In previous centuries, crop failures often led to famine in the population. The nutrition of the people consisted of agricultural products, which could not be preserved. Also livestock such as cows and pigs were fed with these products and were therefore affected by crop failure.

Crop failures and subsequent famines led earlier often emigrations to other countries or continents, for example, the potato blight in the mid- 1840s led to the Great Famine in Ireland.

The invention of artificial fertilizers ( the Haber -Bosch process for the industrial production of ammonia from the elements nitrogen and hydrogen in 1910 patented), Advances in Soil Science and the mechanization of plowing (tractors from the 1920er/30er years ) contributed significantly to the to avoid crop failures by depleted or over-exploited soils.

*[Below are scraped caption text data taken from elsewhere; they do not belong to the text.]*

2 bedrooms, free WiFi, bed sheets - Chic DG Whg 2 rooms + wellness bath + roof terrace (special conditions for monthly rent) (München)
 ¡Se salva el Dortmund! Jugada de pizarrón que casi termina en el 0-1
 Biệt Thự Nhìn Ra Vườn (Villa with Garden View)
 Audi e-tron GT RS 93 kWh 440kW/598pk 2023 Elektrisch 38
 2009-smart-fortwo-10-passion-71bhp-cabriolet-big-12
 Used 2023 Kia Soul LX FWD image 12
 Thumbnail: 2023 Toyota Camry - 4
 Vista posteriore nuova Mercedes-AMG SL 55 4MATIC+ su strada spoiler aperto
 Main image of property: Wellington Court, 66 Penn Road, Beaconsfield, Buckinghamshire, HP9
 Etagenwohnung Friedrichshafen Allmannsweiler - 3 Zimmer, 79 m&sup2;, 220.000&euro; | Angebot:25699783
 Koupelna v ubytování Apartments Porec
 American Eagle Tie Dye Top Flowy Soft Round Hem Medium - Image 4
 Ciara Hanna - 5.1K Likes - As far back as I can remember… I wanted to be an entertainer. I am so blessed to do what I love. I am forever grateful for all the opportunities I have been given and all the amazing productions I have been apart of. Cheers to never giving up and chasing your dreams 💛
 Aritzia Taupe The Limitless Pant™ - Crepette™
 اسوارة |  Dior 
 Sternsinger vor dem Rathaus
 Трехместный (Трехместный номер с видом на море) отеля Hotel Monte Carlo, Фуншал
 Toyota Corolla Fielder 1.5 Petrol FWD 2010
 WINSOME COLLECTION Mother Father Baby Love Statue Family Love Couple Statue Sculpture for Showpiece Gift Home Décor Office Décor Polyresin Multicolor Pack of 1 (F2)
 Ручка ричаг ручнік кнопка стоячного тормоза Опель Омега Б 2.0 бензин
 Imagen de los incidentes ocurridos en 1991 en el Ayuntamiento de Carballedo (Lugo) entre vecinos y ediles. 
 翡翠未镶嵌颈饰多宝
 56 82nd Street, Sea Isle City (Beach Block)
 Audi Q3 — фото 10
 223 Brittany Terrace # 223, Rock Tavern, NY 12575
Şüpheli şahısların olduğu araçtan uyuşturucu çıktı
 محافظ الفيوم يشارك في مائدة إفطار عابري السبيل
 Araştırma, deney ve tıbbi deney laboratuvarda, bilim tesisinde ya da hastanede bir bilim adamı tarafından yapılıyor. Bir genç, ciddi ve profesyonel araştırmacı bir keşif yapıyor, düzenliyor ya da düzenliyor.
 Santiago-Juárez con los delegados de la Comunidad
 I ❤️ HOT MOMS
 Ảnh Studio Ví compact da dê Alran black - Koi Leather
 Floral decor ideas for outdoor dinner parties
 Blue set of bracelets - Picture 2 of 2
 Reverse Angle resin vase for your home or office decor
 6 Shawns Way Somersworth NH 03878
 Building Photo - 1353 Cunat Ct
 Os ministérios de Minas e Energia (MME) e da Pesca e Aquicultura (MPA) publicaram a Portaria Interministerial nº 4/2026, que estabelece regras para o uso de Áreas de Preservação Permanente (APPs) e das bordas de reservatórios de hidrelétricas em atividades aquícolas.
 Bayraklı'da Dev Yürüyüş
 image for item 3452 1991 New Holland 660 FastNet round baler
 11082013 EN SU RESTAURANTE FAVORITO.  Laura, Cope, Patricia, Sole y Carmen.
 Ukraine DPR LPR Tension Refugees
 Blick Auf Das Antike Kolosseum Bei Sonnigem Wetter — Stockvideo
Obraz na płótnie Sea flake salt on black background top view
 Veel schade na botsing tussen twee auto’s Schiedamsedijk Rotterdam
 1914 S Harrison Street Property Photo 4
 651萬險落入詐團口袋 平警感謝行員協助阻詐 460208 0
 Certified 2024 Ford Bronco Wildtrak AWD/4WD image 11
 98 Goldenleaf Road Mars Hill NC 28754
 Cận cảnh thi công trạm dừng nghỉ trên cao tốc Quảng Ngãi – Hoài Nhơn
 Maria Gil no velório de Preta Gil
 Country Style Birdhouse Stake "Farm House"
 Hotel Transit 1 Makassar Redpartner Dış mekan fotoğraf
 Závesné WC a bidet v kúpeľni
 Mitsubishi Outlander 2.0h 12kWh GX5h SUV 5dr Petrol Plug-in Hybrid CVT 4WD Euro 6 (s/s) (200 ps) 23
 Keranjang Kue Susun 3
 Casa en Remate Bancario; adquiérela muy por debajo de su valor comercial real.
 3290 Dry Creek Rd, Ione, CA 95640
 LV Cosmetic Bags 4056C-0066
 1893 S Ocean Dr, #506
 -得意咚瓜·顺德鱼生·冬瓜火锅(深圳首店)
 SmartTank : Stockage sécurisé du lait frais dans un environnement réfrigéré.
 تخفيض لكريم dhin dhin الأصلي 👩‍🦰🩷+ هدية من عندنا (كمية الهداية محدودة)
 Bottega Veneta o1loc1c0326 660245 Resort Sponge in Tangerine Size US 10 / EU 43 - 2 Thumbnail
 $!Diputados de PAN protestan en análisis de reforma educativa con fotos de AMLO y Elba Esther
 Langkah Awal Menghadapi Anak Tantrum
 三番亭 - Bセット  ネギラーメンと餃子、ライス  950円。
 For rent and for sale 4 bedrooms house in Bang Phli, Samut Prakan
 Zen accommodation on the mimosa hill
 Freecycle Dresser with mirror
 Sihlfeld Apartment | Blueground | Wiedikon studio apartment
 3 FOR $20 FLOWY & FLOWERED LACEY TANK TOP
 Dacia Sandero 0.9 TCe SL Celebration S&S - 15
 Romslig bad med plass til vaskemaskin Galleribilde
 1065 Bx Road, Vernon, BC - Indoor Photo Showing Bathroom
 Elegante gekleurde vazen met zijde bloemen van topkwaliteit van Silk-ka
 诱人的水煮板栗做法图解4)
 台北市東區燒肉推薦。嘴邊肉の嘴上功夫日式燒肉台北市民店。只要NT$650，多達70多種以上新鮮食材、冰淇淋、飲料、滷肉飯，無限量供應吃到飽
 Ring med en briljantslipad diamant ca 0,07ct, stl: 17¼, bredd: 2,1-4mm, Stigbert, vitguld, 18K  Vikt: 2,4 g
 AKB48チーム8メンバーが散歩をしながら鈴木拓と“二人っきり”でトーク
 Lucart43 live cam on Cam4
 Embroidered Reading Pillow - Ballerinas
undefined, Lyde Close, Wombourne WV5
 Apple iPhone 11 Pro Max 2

  • Crop failure due to weather see temperature extremes, cold wave, heat wave
  • Year without a summer was the year 1816. Was the cause, as the American climatologist William Jackson Humphreys discovered in 1920, a Volcanic winter due to the eruption of Tambora volcano on the island of Sumbawa in Indonesia today. He had thrown alongside about 150 cubic kilometers of dust and ash and sulfur compounds, which are estimated at an equivalent of 130 megatons of sulfur dioxide in the atmosphere, in the high layers of the atmosphere like a veil around the globe lay down. The downturn in the global climate by the outbreak still held until 1819.